From Non-Verbal to Telling Jokes. A Taylor story.

Non verbal autism“Nearly a third of people on the autism spectrum use no spoken language or only a few words.

All of these individuals could be described as having nonverbal autism. Yet the term nonverbal autism” has no official status, and there is no such diagnosis as ‘nonverbal autism.’ In part, that’s because there is no clear line between verbal and nonverbal individuals with autism.”

I have told many stories to friends about how far Taylor has come since he was little. Most of my friends only know the Taylor from today. The joke telling, movie loving, sarcastic but hilarious Taylor. Those that haven’t known him his whole life have a hard time imagining him being non-verbal. Yet, there was a time that he was considered just that.

Do I really mean “non-verbal” when I reference younger Taylor? To a large degree, yes.

I know that there are people with autism that are literally non-verbal, as in “no words can be spoken out loud”. This was the best way to describe Taylor up until the age of 3. I realize this is very young, but if you are a parent of a typical child, you know the words start coming shortly before they turn one year old.

Honestly, there is not a perfect category that he fits into but when Taylor was younger, “non-verbal” seemed to be the best description we had.

By the time he was 2 ½ years old, he had a total of 24 words.
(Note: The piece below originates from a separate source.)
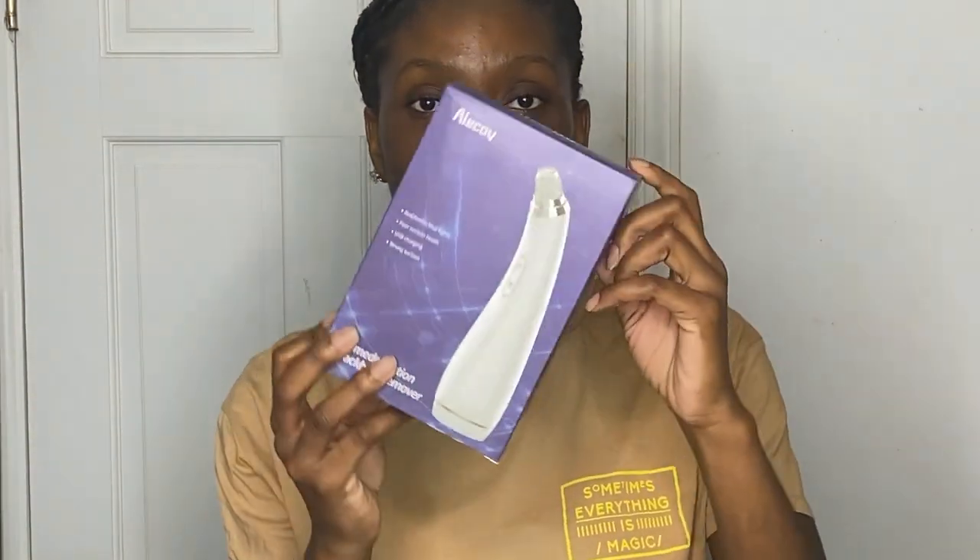This is the blackhead vacuum I got. It's not the popular one — I know the popular one is the Derma something, but Amazon didn't have that one. So I got this one on Amazon; the brand is Alecoy — A-L-E-C-O-Y. I'll put it in the description box below. I got it for about $22 or $23. As you guys can see it's sealed, I haven't opened the box or read anything. On the box it says: red, green, blue lights; four suction heads; USB charging; strong suction. On the side it says: remove blackheads, reduce grease, exfoliate dead skin, deep skin cleansing.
I know this because I had a list of his words on the refrigerator. I also know, even though I didn’t want to admit it at the time, that some of those words were said once and not again. We considered this “non-verbal” because Taylor was unable to tell us with his words, his wants and needs.

Being “non-verbal” did not mean that Taylor was unable to communicate. He was actually pretty good at using expression, pointing, jumping and even grabbing adults hands to pull them along and show them what he wanted. Being “non-verbal” also did not mean that he wasn’t a funny, silly, happy or loving little boy. He was all of those things but my husband and I wanted more for him and we longed to one day have a conversation with him. We envied the parents who told us stories about how their child made them crazy because they NEVER stopped talking. Mike and I wanted to be driven crazy, too! Oh, the things we take for granted.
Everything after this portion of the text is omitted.